The policy was advocated by the Chinese Communist Party chairman Hua Guofeng, Mao's successor, who had earlier ended the Cultural Revolution and arrested the Gang of Four.
However, this policy proved unpopular with Deng Xiaoping and other party leaders advocating market reform.
On a 7 February 1977 editorial titled "Study the Documents Well and Grasp the Key Link"[1] which appeared in People's Daily, Red Flag, and People's Liberation Army Daily, Hua articulated the "Two Whatevers" slogan: "We will resolutely uphold whatever policy decisions Chairman Mao made, and unswervingly follow whatever instructions Chairman Mao gave".

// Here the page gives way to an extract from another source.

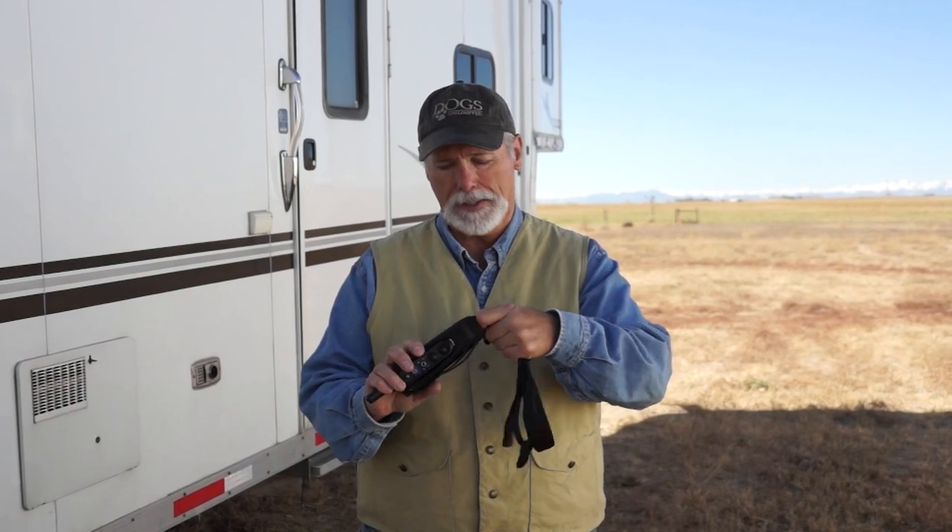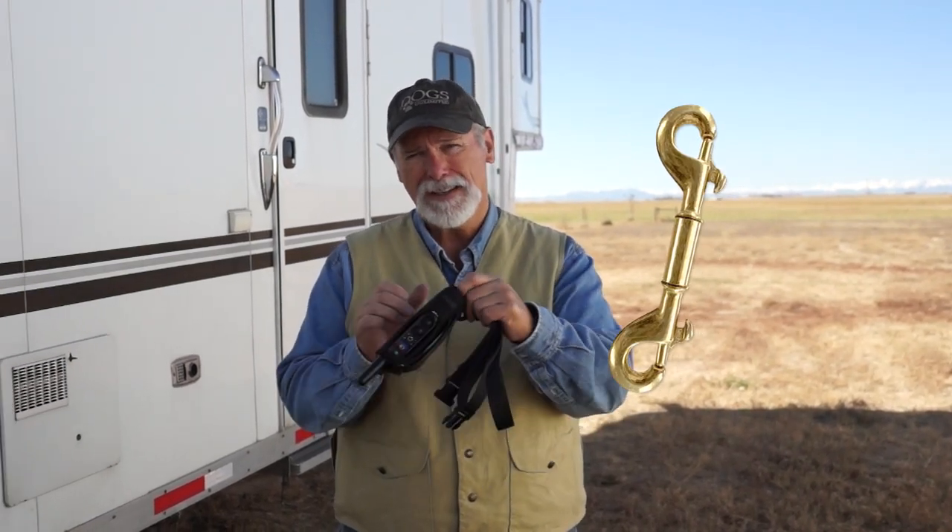Additionally, it's got this loop on the bottom. I can tell you what I did with this — I just used a double-sided snap, clipped it through here, and then I clip it through my belt loop.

[2]: 111 It proved a trigger for Deng's manoeuvre in 1978 to implement economic reform policy in China, and led eventually to Hua being demoted from the party leadership in 1980.
"[2]: 111 The coalition of Hua's political supporters, referred to as the "whateverist faction",[4] also lost its power after Deng's political manoeuvre: Wang Dongxing, Ji Dengkui, Wu De, and Chen Xilian, the so-called "Little Gang of Four", were relieved of all their Party and state posts during the 5th Plenum of the 11th Central Committee of the CCP, 23–29 February 1980.